• _Activity_: Return only the stretch of the material below that begins with the line containing "Camille Styles drinking tea" and ends with the line containing "1929 INDIAN HEAD", exactly; both of those lines belong to it.

━━━━━━━━━━━━━━━━━━━━━━━━━━━━━━

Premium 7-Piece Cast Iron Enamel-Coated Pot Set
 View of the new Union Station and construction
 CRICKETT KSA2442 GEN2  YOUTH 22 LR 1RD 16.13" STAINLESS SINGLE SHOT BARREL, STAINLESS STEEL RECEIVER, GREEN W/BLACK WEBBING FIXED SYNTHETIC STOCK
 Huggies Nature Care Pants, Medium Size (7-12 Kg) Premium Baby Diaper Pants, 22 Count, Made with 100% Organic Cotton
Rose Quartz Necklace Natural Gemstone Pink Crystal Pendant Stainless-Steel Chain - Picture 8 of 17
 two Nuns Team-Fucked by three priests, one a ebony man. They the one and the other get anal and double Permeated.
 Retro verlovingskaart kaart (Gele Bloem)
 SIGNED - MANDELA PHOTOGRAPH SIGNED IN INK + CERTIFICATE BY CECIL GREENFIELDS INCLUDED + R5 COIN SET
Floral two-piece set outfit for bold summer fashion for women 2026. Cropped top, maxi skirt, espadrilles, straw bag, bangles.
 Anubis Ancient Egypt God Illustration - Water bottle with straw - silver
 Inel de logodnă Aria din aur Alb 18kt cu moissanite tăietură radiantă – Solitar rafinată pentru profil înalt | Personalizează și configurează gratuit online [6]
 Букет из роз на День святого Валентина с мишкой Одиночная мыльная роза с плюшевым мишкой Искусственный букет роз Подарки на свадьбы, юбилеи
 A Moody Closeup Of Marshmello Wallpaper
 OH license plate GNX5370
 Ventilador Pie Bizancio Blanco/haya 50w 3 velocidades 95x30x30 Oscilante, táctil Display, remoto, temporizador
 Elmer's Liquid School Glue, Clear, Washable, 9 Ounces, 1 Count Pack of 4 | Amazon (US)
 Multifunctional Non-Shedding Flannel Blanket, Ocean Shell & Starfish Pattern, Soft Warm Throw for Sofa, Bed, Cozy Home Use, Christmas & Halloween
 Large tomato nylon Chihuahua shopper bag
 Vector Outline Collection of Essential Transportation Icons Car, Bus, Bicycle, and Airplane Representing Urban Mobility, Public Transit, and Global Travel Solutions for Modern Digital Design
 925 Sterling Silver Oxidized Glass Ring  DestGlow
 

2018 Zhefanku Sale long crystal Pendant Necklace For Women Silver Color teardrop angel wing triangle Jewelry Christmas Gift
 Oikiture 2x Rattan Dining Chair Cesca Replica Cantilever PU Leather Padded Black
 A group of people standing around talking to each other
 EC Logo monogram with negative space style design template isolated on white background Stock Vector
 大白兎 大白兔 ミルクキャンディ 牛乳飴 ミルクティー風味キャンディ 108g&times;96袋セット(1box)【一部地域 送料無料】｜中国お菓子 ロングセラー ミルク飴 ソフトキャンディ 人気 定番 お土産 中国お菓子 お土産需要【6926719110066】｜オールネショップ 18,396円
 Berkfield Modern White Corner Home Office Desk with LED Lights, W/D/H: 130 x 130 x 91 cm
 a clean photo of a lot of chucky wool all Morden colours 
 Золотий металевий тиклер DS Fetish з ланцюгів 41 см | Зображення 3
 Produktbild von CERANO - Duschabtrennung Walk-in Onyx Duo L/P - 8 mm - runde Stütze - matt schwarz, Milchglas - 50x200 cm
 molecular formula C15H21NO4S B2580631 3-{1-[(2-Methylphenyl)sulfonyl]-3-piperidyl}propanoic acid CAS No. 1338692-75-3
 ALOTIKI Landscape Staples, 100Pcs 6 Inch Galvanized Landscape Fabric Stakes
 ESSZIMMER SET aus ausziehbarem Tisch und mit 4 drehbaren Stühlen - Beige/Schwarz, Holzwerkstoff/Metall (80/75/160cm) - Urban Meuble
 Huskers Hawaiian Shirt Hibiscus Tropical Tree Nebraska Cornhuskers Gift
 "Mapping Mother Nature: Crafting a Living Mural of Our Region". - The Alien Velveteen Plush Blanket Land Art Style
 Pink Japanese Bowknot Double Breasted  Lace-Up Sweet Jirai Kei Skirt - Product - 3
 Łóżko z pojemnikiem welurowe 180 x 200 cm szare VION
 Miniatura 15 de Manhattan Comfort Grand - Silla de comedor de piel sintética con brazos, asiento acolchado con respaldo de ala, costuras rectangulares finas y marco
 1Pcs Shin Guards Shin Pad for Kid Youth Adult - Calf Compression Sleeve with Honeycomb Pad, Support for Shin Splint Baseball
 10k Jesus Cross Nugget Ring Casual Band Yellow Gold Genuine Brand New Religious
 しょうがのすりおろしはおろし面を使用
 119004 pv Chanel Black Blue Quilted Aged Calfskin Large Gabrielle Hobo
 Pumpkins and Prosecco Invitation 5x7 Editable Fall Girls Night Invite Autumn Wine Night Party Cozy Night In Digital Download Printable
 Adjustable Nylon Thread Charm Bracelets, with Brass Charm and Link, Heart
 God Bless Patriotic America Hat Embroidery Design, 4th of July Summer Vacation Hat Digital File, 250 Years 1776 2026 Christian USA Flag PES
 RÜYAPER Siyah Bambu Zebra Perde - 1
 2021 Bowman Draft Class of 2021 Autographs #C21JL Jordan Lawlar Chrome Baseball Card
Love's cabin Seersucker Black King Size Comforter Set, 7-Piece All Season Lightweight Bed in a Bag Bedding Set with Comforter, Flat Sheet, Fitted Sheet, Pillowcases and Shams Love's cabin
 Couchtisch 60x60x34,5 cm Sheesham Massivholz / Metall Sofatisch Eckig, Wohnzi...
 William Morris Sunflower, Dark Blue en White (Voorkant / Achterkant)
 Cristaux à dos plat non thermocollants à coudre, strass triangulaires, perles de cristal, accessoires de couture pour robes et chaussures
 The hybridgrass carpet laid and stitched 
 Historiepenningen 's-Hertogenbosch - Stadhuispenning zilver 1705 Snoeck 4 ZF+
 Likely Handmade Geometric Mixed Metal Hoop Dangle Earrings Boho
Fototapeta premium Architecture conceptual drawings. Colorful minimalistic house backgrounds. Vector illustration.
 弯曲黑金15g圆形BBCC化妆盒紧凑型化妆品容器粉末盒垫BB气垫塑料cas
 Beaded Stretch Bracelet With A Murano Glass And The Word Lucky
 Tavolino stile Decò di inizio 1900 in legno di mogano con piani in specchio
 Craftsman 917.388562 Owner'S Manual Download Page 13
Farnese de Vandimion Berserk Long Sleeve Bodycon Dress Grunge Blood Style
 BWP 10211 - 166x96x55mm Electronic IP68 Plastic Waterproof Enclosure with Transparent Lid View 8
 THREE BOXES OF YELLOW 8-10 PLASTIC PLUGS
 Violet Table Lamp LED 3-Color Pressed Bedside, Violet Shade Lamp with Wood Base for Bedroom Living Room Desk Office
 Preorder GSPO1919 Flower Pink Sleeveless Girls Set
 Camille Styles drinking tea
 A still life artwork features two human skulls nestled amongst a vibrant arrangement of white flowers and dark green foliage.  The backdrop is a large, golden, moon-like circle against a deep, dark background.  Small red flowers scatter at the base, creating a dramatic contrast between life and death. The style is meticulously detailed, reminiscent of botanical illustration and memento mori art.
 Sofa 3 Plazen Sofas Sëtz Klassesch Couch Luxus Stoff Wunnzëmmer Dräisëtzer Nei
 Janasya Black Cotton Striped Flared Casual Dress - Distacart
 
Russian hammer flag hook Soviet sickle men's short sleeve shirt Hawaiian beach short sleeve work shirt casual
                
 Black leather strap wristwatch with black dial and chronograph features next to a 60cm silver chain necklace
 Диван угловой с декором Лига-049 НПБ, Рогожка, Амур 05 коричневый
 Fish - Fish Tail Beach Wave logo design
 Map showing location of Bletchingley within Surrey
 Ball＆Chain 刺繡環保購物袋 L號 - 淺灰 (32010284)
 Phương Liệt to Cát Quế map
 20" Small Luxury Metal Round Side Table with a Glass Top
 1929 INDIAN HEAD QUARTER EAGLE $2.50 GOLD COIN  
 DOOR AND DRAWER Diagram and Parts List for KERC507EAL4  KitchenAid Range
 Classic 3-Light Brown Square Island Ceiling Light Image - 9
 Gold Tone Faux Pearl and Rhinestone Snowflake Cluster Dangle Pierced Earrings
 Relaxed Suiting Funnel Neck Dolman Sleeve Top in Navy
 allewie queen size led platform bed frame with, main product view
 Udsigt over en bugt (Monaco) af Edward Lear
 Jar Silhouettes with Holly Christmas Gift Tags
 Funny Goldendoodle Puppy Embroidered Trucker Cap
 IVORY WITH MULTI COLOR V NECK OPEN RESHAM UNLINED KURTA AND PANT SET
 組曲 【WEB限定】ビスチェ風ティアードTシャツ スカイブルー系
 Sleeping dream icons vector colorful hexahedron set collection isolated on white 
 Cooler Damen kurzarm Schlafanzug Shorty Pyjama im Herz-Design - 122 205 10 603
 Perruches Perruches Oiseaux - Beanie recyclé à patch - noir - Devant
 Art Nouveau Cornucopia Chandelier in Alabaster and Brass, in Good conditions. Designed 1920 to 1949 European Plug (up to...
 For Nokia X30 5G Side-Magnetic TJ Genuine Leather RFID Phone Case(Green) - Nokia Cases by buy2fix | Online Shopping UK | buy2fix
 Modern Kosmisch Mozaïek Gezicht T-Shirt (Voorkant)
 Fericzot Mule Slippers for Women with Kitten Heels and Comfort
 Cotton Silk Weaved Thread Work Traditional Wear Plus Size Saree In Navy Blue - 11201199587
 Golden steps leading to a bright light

━━━━━━━━━━━━━━━━━━━━━━━━━━━━━━

• _Problem solution_:
 Camille Styles drinking tea
 A still life artwork features two human skulls nestled amongst a vibrant arrangement of white flowers and dark green foliage.  The backdrop is a large, golden, moon-like circle against a deep, dark background.  Small red flowers scatter at the base, creating a dramatic contrast between life and death. The style is meticulously detailed, reminiscent of botanical illustration and memento mori art.
 Sofa 3 Plazen Sofas Sëtz Klassesch Couch Luxus Stoff Wunnzëmmer Dräisëtzer Nei
 Janasya Black Cotton Striped Flared Casual Dress - Distacart
 
Russian hammer flag hook Soviet sickle men's short sleeve shirt Hawaiian beach short sleeve work shirt casual
                
 Black leather strap wristwatch with black dial and chronograph features next to a 60cm silver chain necklace
 Диван угловой с декором Лига-049 НПБ, Рогожка, Амур 05 коричневый
 Fish - Fish Tail Beach Wave logo design
 Map showing location of Bletchingley within Surrey
 Ball＆Chain 刺繡環保購物袋 L號 - 淺灰 (32010284)
 Phương Liệt to Cát Quế map
 20" Small Luxury Metal Round Side Table with a Glass Top
 1929 INDIAN HEAD QUARTER EAGLE $2.50 GOLD COIN  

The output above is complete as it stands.